Philadelphia Mayor Cherelle Parker has sought to hit the ground running in her first few months in office. Now – just a week after her intensely scrutinized Kensington “resolution” pushed people out of encampments and open-air drug markets – Parker is again pushing her efforts to clean up the city. 

Parker signed an executive order Friday to formally establish the Clean and Green Cabinet, which will coordinate quality-of-life and cleanup efforts among city agencies, community partners, and businesses. 

This isn’t the first time Parker has exercised her executive power to push her priorities. City & State has your Five for Friday, breaking down five of Parker’s first several executive orders – and what they mean for Philadelphia. 

Public Safety Emergency

Parker began her historic tenure by signing three executive orders on her first day in office – including one declaring a public safety emergency. In doing so, the first woman and Black woman to hold the mayor’s office did what her predecessor, former Mayor Jim Kenney, consistently declined to do in declaring an emergency. 

The order directed Police Commissioner Kevin Bethel, Managing Director Adam Thiel and other city officials to develop a comprehensive strategy, using every available resource, to combat and prevent violent crime, including in neighborhoods like Kensington. That order also called for the police commissioner to provide a report on how to reduce crime within the first 100 days of the administration – a call that resulted in a Parker’s 100th-day press event where she detailed some public safety plans. 

College Degree Requirement

Another day-one executive order sought to expand economic opportunities for residents by removing barriers to city employment, including ending the college degree requirement as a prerequisite for employment. 

Parker said the move – which eliminated the degree and standardized test requirement for certain city jobs – will open positions to otherwise qualified potential applicants. The order also expanded efforts related to civil service positions, which Parker said comprise roughly 92% of city jobs, to identify ways for candidates to demonstrate needed skills and to use time and experience assessments rather than written exams whenever possible. 

Separation of L&I

Just over a month into the office, Parker signed another executive order, separating the oft-criticized Department of Licenses and Inspections into two divisions. The move created one department to focus on inspections, safety and compliance and another to focus on “quality of life” issues and business code enforcement. 

Parker also made the change following her announcement she was separating the Streets Department into two divisions as well – with one focusing on streets and another on sanitation. In response, Parker said she’s a “different mayor” with a “different style” and wanted to ensure agencies aren’t inundated or stifled by “mission creep.”

Vision Zero Campaign

Once settled into her administration, Parker looked to reaffirm her commitment to pedestrian safety by signing an executive order in March to focus on strategies to eliminate fatal crashes and reach the Vision Zero goal of zero traffic deaths by 2050. The order directed the Office of Multimodal Planning to assist in developing, reviewing and publishing all checklists called for in the city’s Complete Streets ordinance from 2013 and to update the High Injury Network and set goals for safety improvements to every mile of the HIN by 2030. 

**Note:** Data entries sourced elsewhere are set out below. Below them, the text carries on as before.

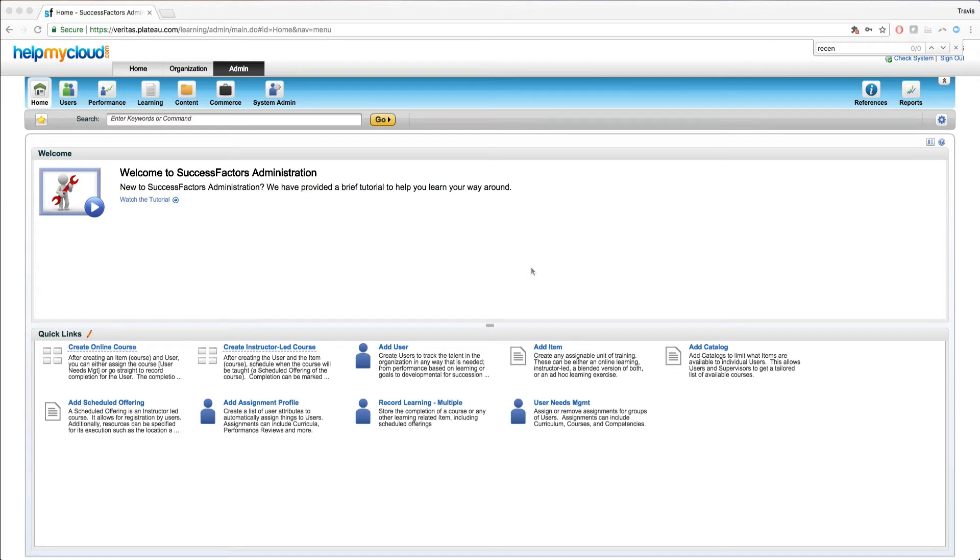Hello everyone, Travis here from HelpMyCloud.com. I'm here today with another short video on SuccessFactors LMS. Specifically, we'll be talking about the bookmarking feature as well as the recents feature in the LMS admin tool.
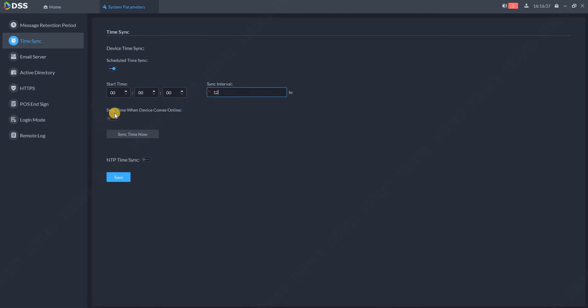Then what I recommend is sync the time when the device comes online. So when you connect a new device, the time will be automatically synchronized with your devices.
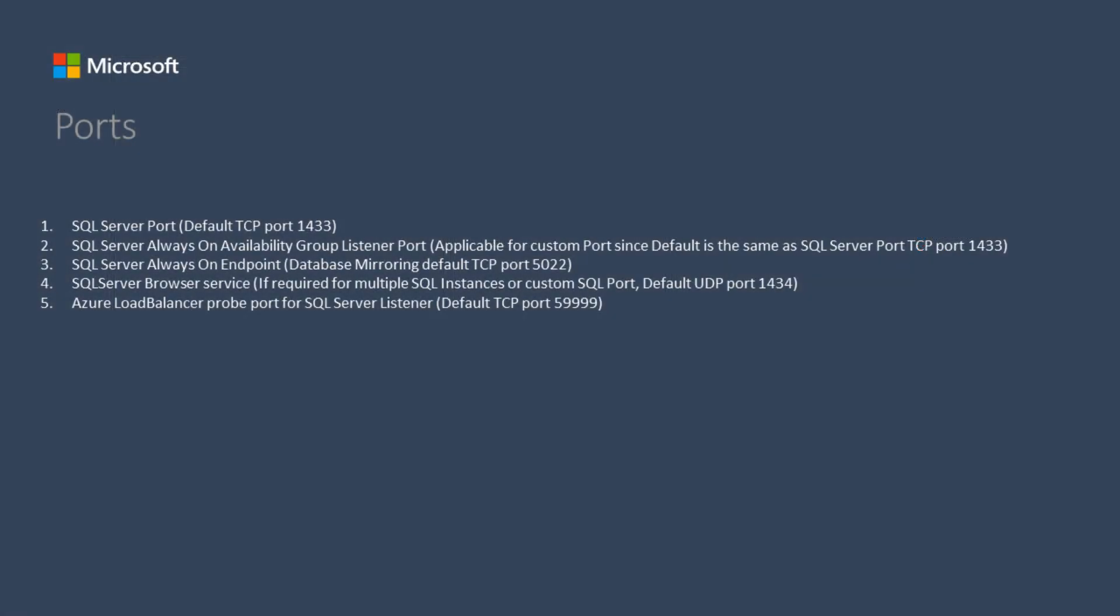The following ports will need to be open on the firewall and NSG rules.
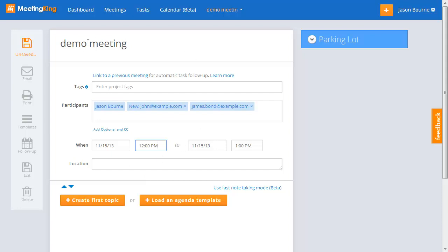All this information can also be copied from a meeting request that you create in Outlook, Google Calendar, or iCal. So you don't have to enter any of this information manually — Meeting King will create a meeting space with this information for you.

But just last week, advocates spoke out against Parker’s budget proposal, which would spend less money on traffic calming. Her budget proposes a sharp drop in city spending on road safety projects, with $9 million in investment in safer streets over six years, down from the $15 million Kenney had proposed. Kenney’s last budget allocated $2.5 million toward safer streets, while Parker has proposed just $1 million for 2025. 

Clean and Green Cabinet

The latest executive order is another seeking to boost efforts related to quality of life and neighborhood improvements. Parker has long touted her “clean and green” vision for the city and the need to distance Philadelphia from the “Filthadelphia” moniker it has developed. 

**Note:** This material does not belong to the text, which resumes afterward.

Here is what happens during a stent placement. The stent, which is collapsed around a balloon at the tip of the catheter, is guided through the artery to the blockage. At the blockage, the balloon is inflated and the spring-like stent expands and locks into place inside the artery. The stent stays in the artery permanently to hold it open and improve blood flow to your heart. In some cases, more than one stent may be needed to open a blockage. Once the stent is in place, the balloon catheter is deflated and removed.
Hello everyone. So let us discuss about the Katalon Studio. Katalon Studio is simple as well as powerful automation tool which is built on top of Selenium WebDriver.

On Friday, Parker signed an executive order formally establishing the Clean and Green cabinet, led by former Streets Commissioner Carlton Williams, to focus on neighborhood cleanliness and the expansion of her Taking Care of Business commercial corridor cleaning program. The cabinet, in addition to overseeing the expansion of the initiative that pays community-based nonprofits to clean commercial corridors, will work on removing abandoned vehicles, environmental stewardship initiatives, anti-litter campaigns and more. 

Parker said that while a data-driven approach is important, government work that people can “see with (their) own eyes and feel in (their) own neighborhood” is vital to showing residents that promises are being kept. 

“All Philadelphians want a safer, greener and cleaner city,” she said Friday.